Ce nouveau récit tout en finesse et à la trame narrative complexe participe de l’univers étrange construit autour du personnage indéchiffrable d’Emanon (« no name », quand on le lit à l’envers), et des relations qu’elle noue avec son entourage. Affiné pendant plus de trente ans par son auteur dans quelques nouvelles, Emanon véhicule nombre de concepts autour du souvenir et de la nostalgie, des thématiques qui irriguent les deux volumes. Lenteur du temps qui passe, valeur de la contemplation et de la rêverie consciente sont autant de sujets qui vont donner du poids au souvenir et sa saveur. Quelque chose de proustien imprègne les 200 pages de l’ouvrage.

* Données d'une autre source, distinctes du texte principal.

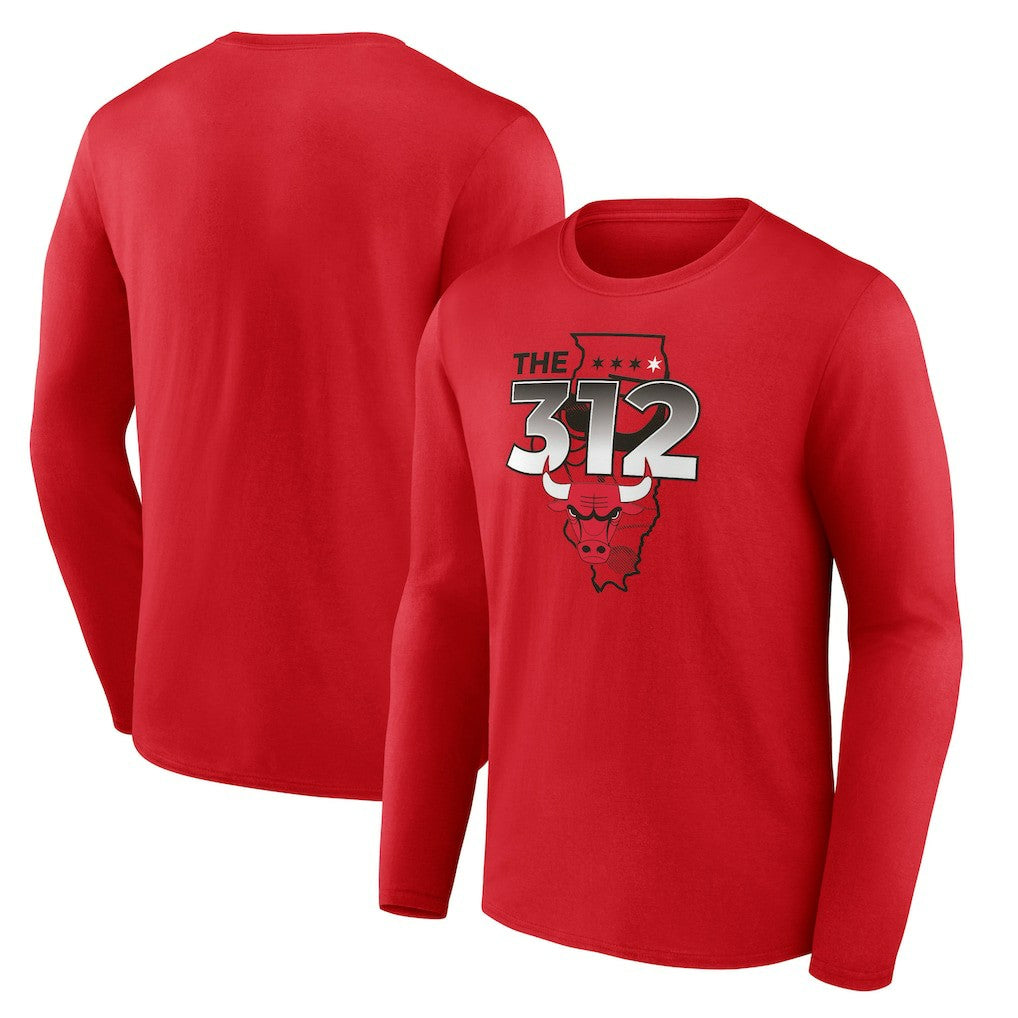 Chicago Bulls Pick & Roll Coverage Long Sleeve T-Shirt Red - NBA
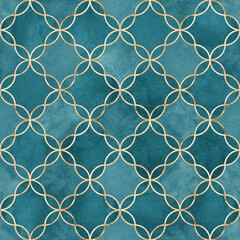 Watercolor gothic style clover leaf seamless pattern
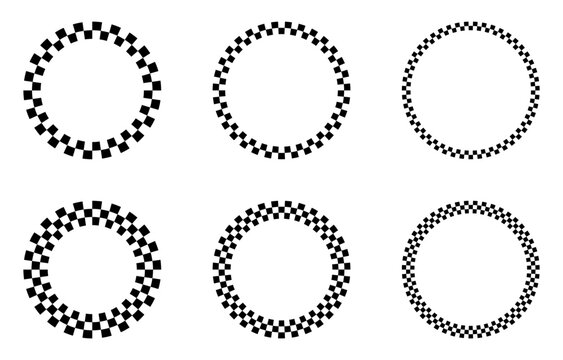 Checkered racing circle frames vector set. Black and white checkerboard round borders with different square sizes. Motorsport finish flag patterns, geometric ornaments and decorative design elements.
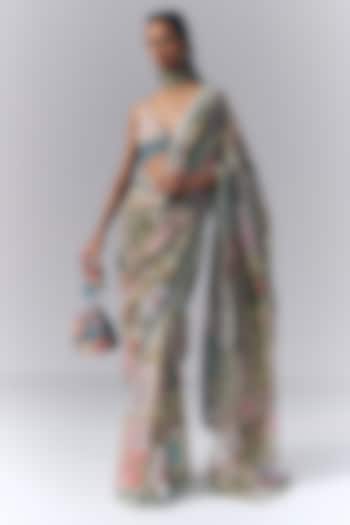 Multi-Colored Georgette Floral Printed & Hand Embroidered Reception Saree Set by Varun Bahl at Pernia's Pop Up Shop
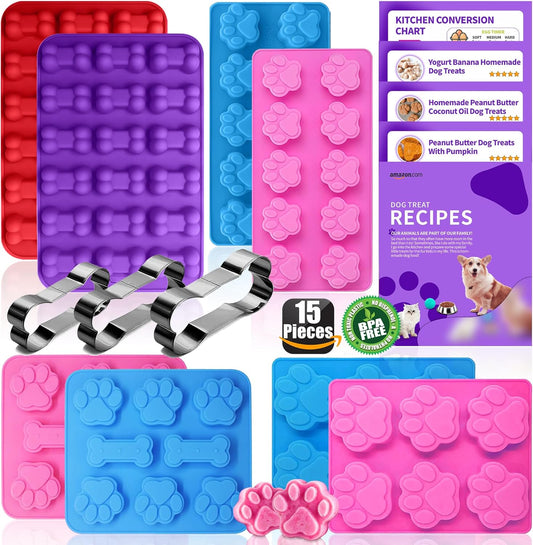 Homemade Silicone Dog Treat Molds - Dog Treat Cookie Cutters - Dog Treat Recipes Card, Food Grade Silicone Molds for Candy and Dog Ice Cubs - Set of 15
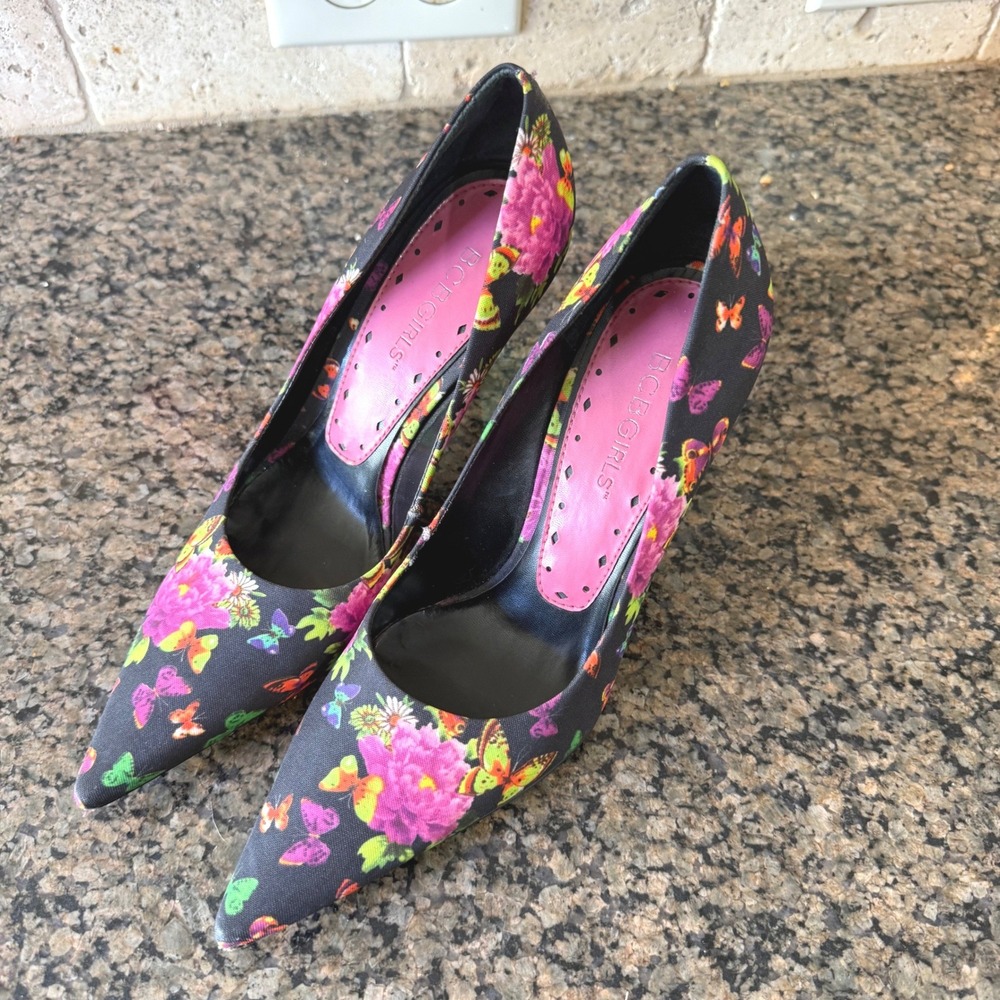 BCBGirls Floral Butterfly Pointed Toe Pumps Black Pink Stiletto Heels Size 5B 35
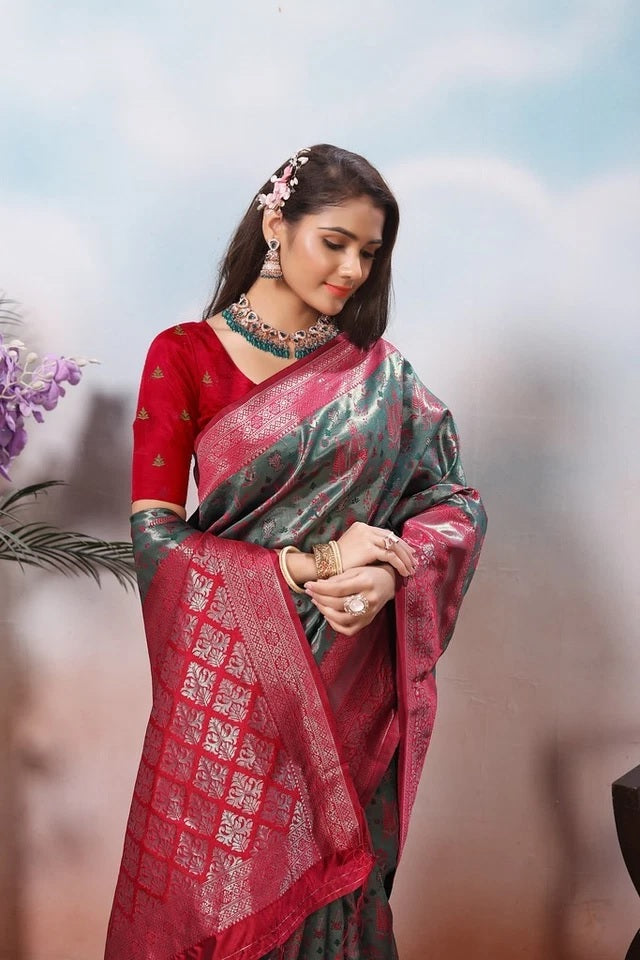 Kanjiwaram Silk With Rich Pallu Traditional Wear Sari With Blouse 11-VF image 23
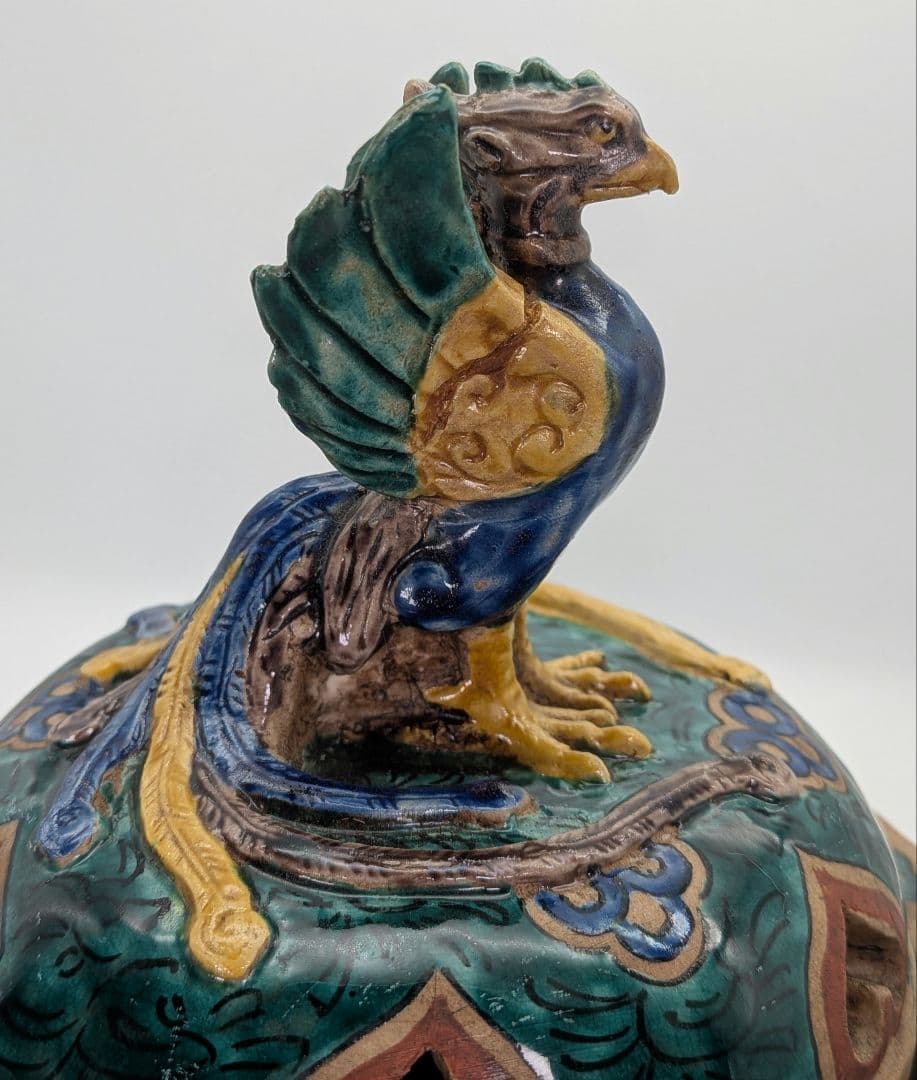 江戸期 古九谷 青手鳳凰摘三足香炉 合箱 角福 九谷焼 色絵窓絵 山水図人物花鳥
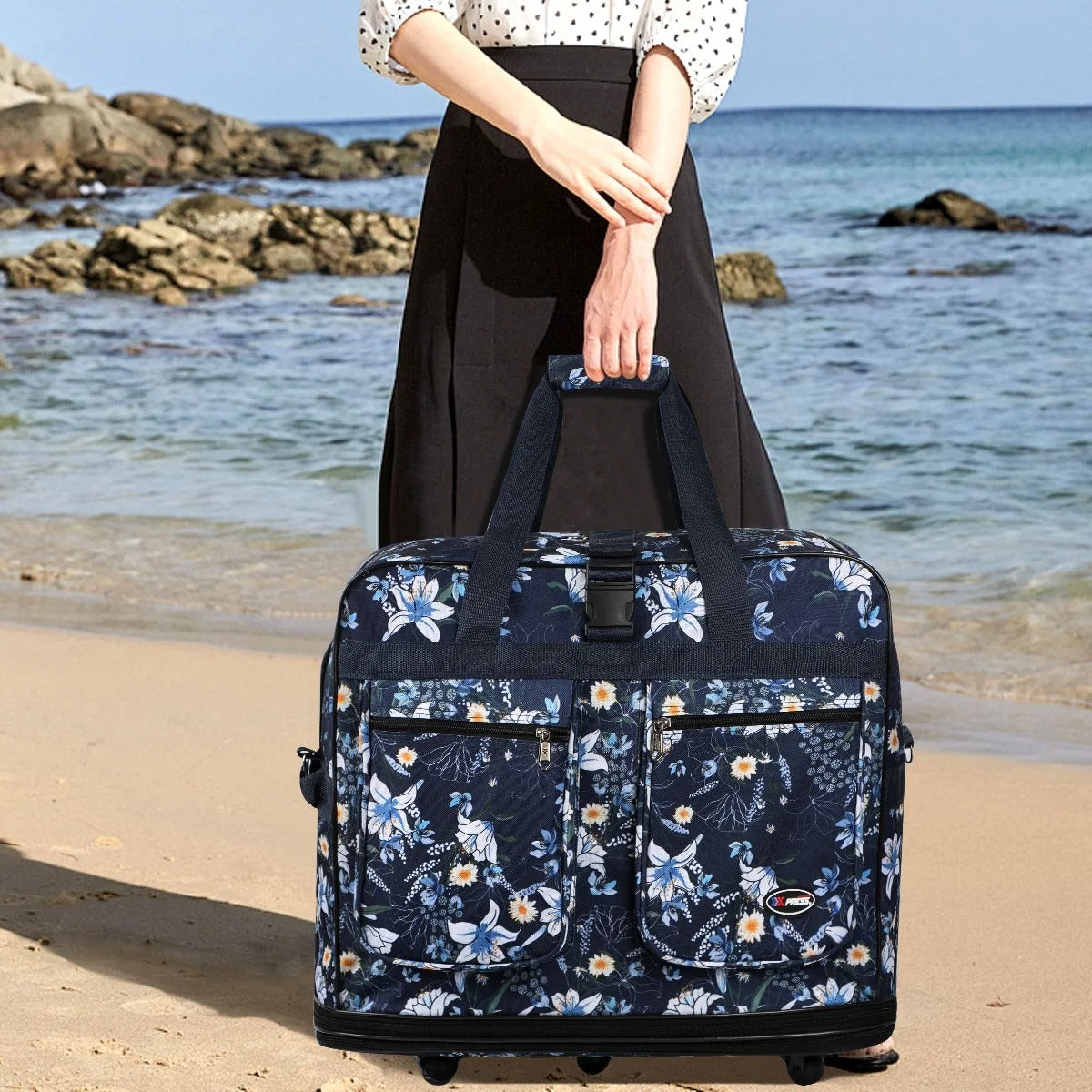 New York XPress 3 Layer Expandable Suitcase Bag Foldable Wheeled Duffel Bag with Wheels & Handles,Waterpoof Large Travel Duffel Bag for Trip Moving Storage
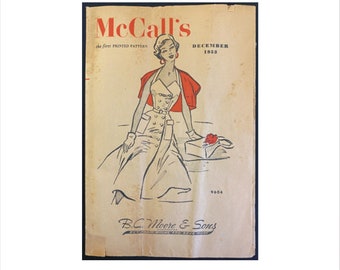 Catalogue de motifs McCall des années 1950 vintage B C Moore & Sons Mid Century Cruise armoire femmes adolescents filles clergé père Noël pas une copie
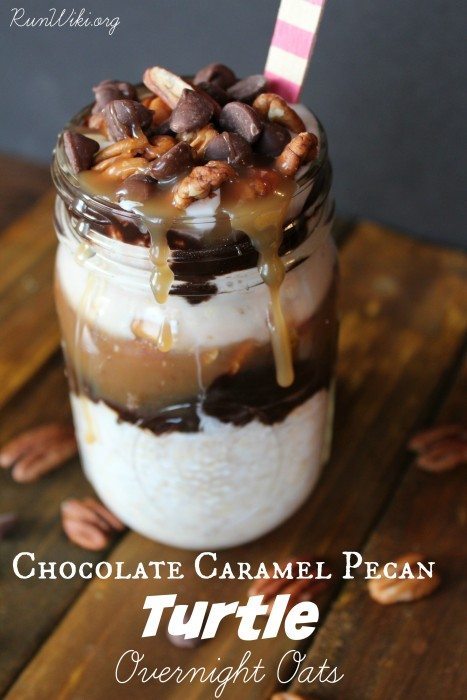Chocolate Caramel Pecan Turtle Overnight Oats. Make ahead quick and easy healthy breakfast idea that even your kids will love. By looking at this you would think it is full of sugar, but there is in fact very little. A small amount in the caramel sauce and some in the chips. Add chia and hemp seeds for an extra boost of omegas. Dairy free and vegan. Great on the go!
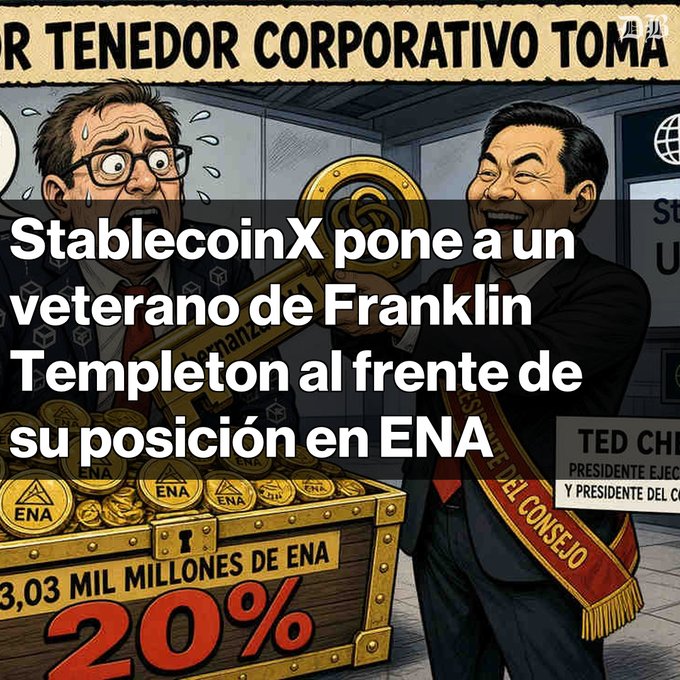 A political cartoon with Spanish text overlay reading 'StablecoinX pone a un veterano de Franklin Templeton al frente de su posición en ENA', showing figures and a treasure chest labeled '3.03 MIL MILLONES DE ENA 20%'.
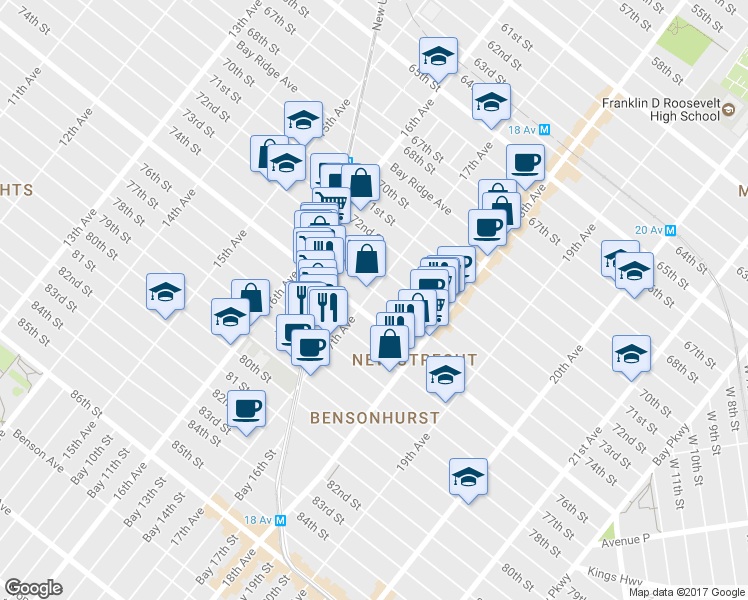 map of restaurants, bars, coffee shops, grocery stores, and more near 1702 74th Street in Brooklyn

Le dessin pastel (pour la première partie en couleur) de Tsuruta colle parfaitement à ce rythme assez lent où souvent rien ne se passe. On se souvient de ce même trait si particulier qui habitait déjà L’Ile errante, de son héroïne en bikini, clope au bec et son obsession insulaire. Paysages, forêts, temples et milieux urbains tranquilles : c’est un Japon fantasmé que raconte le dessin du mangaka, comme immobile et peu altéré par le passage du temps, d’autant que l’histoire couvre plusieurs générations.
Shinji Kajio
Mais l’impression de faible densité narrative n’est que de surface, car l’héroïne charrie avec elle des responsabilités et un destin lourd à porter. La transmission de la mémoire tout d’abord, qui comme dans des vases communiquants, se fait de mère à fille, la première oubliant ce que la deuxième apprend. In fine, la fille se débarrasse de sa mère. Nouvel ajout à l’histoire, assez symbolique, la responsabilité écologique de l’héroïne, voyageuse qui conserve des graines vitales à la survie des espèces, qu’elle réactive régulièrement. Enfin, au gré de ses déplacements, la « jeune » femme entretient ses rencontres, sur de très longues durées, posant la question du temps, de l’amitié et de la mort.
Un manga magistralement dessiné, très touchant et qui brasse avec une certaine délicatesse de multiples questions sur l’existence.
Shinji Kajio
Errances d’Emanon, de Shinji Kajio, dessins de Kenji Tsuruta, en librairie le 6 octobre, éditions Casterman, 210 pages, 15 euros.